Thursday, October 14, 2010

Pear Tart to Finish

This elegant, easy-to-make pear tart was a perfect fall dessert--so we finished it for breakfast!

The whole tart-making frenzy began with a pan, and some cans. I don't know how long I've had this cute, really nice tart pan, but it was still new. Never used it! Rearranging some cabinet space, I noticed it again, and it was calling out to me. Make a tart with me lady! Then, my mother arrived with all of these cans of fruit she couldn't eat. Among them were several cans of pear halves. I decided to plan a nice almond pear tart which would be low in sugar--especially since I knew I'd be using butter! Here's the recipe. The other shortcut was Pillsbury ready-made pie dough. But I think next time, I'll make my own rustic pie dough.

Almond Pear Tart to Finish
1 prepared ready-to-bake pie dough round
1/2 cup blanched almonds
1 tablespoon all-purpose flour
5 tablespoons Splenda
2 tablespoons granulated sugar
3/4 stick butter
1 egg
2 cans pear halves
whipped cream (optional)

 First, make the almond filling by processing the almonds with the flour and adding the Splenda, sugar, butter and egg until it's nice and creamy. Transfer it to a bowl, cover, and refrigerate at least three hours or for up to two days.

Using the prepared pie dough, line the tart pan with it, fold and flute the edges, make a few fork piercings on the bottom, and bake it off at 425 degrees for about 8 to 10 minutes. Then reduce the oven temp to 350 degrees.
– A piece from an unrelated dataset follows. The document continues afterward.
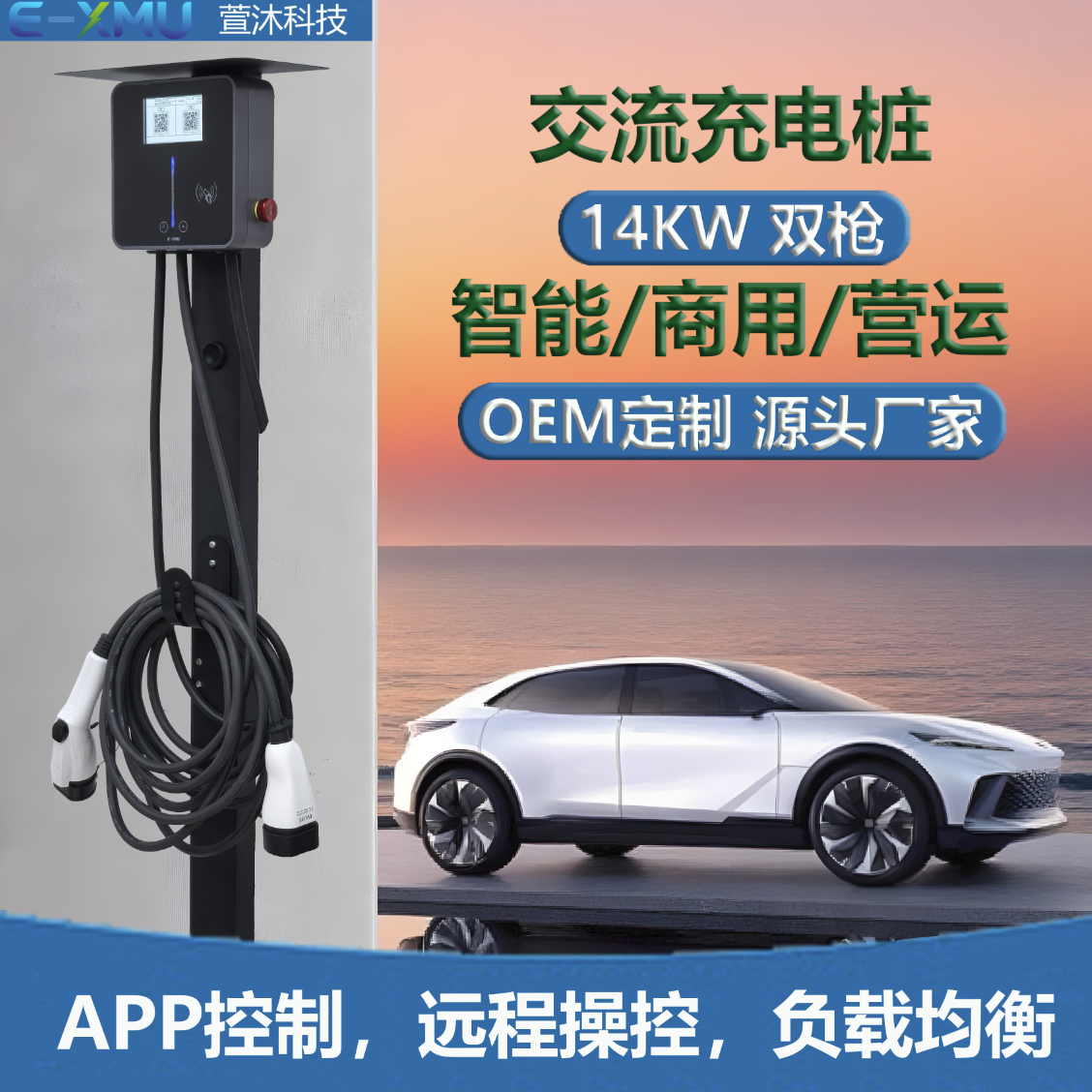 14KW双枪交流充电桩在深圳台风天，防水防雷性能靠得住吗？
Spread the cold almond filling evenly in the crust--but do this gently and be careful not to tear the crust. In this step, I tended to gently mash it down and around rather than so much spreading around. It doesn't have to be perfect. Then slice the pears into thin fan slices and use a long spatula to transfer them and arrange on top of the filling, almost like the spokes of a wheel. The narrow end of the pear half goes toward the center. Bake for around 45 to 50 minutes at 350 degrees. If the edges of your tart are starting to bake past a nice golden brown color, then cover the tart loosely with foil as it continues to bake. (Don't burn yourself--see my blog about aloe vera!). Cool the tart in the pan, then push the pan bottom up (I use a large can) and release the tart. This tart can stand at room temperature for several hours, but you'll need to eventually refrigerate it. Cut nice wedges and top with whipped cream. So yummy!

Okay, back to stitching. Eat well today!